• **WORK INSTRUCTION**:
Exclude the pictures. Transcribe, exactly as written, the lines from the one with "BRICK1 / C3orf10" through the end of the entries below.

• **Short web captions**:

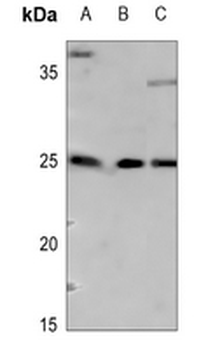 Anti-ARF4 Antibody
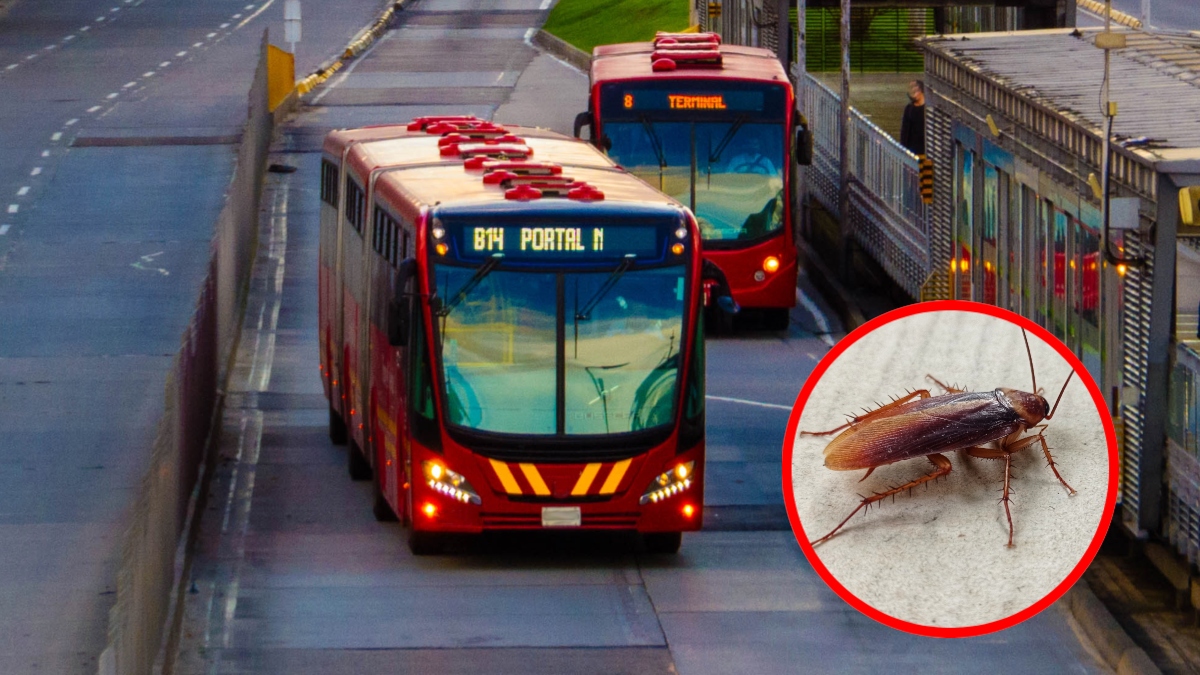 Fotos: imágenes de referencia Getty Images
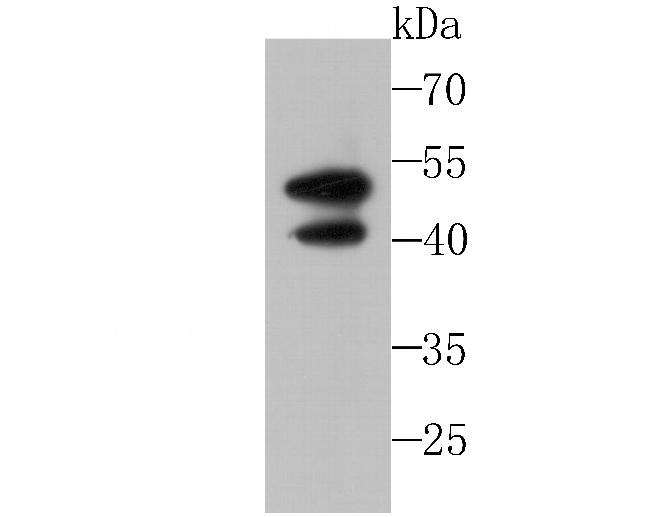 IL13RA1 Antibody in Western Blot (WB)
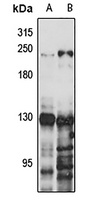 BRD4 Antibody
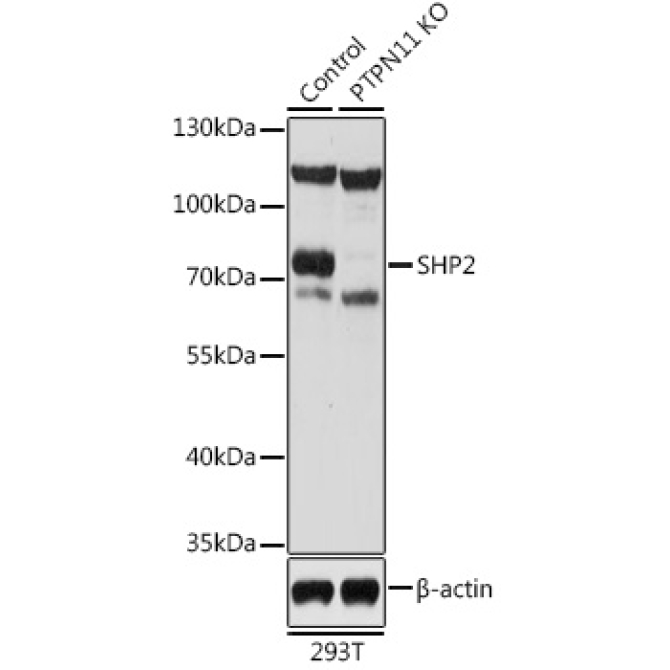 SHP2 Rabbit Polyclonal Antibody [KO Validated]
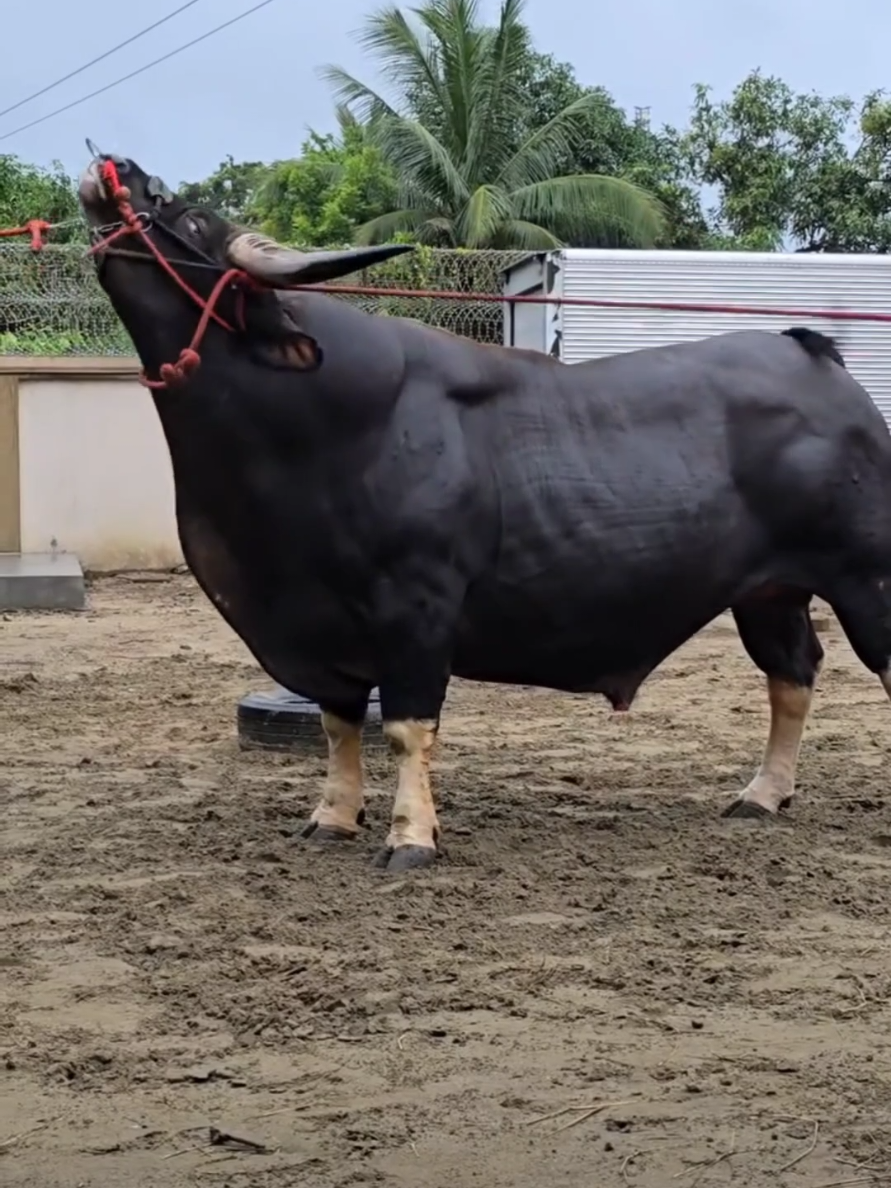 🔥 MONSTER 🔥 Indian Bison / Gaur / Goyal #tiktok #trending #viral #cow #foryou 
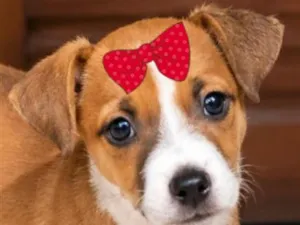 Cachorro raça SRD-ViraLata idade 2 a 6 meses nome Bebel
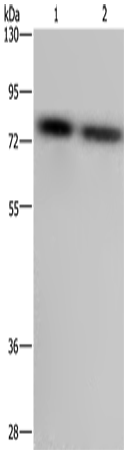 PABPC1 Polyclonal Antibody (E-AB-11389)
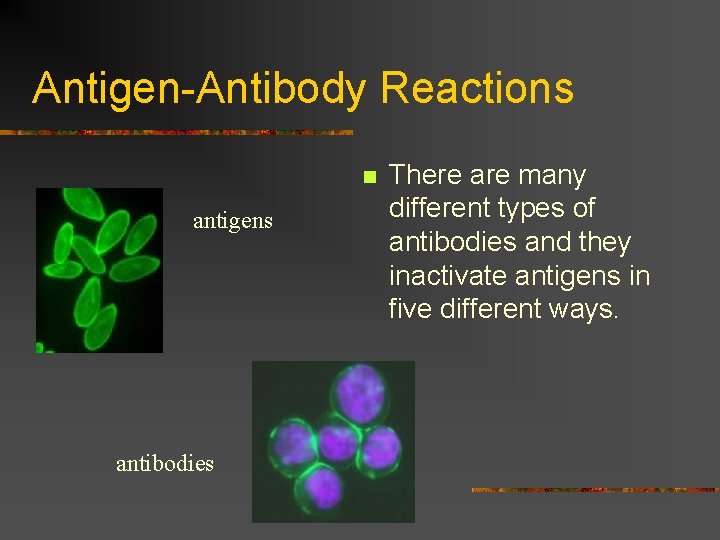 Antigen-Antibody Reactions n antigens antibodies There are many different types of antibodies and they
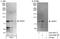 Structure Specific Recognition Protein 1 antibody, A303-068A, Bethyl Labs, Western Blot image 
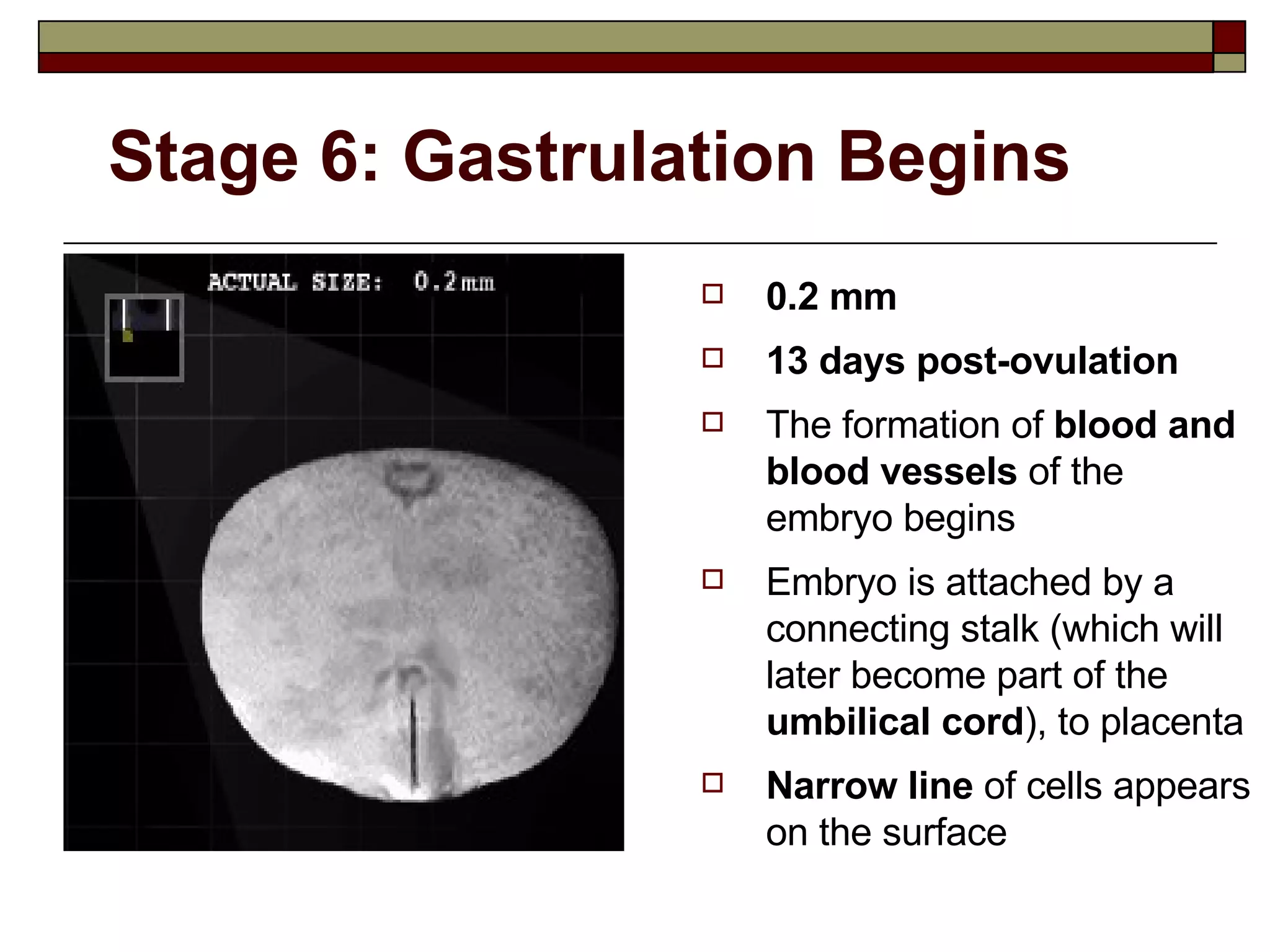 Stage 6: Gastrulation Begins 0.2 mm 13 days post-ovulation The formation of  blood and blood vessels  of the embryo begins Embryo is attached by a connecting stalk (which will later become part of the  umbilical cord ), to placenta Narrow line  of cells appears on the surface 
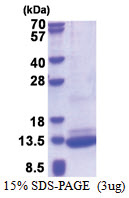 BRICK1 / C3orf10 (1-75, His-tag) Human Protein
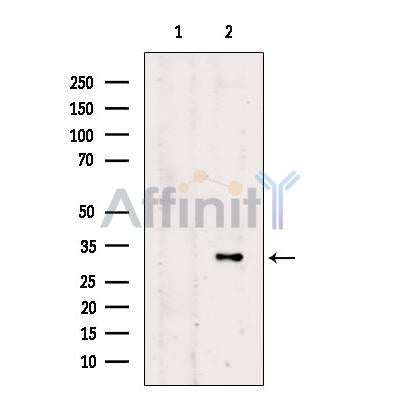 DARPP32 Antibody -AF2636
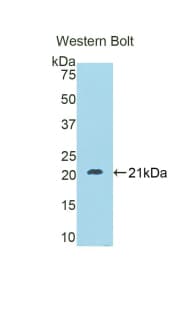 LOXL4 / LOXC Antibody (aa399-552, PE)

• **COMPLETED TASK**:
 BRICK1 / C3orf10 (1-75, His-tag) Human Protein
 DARPP32 Antibody -AF2636
 LOXL4 / LOXC Antibody (aa399-552, PE)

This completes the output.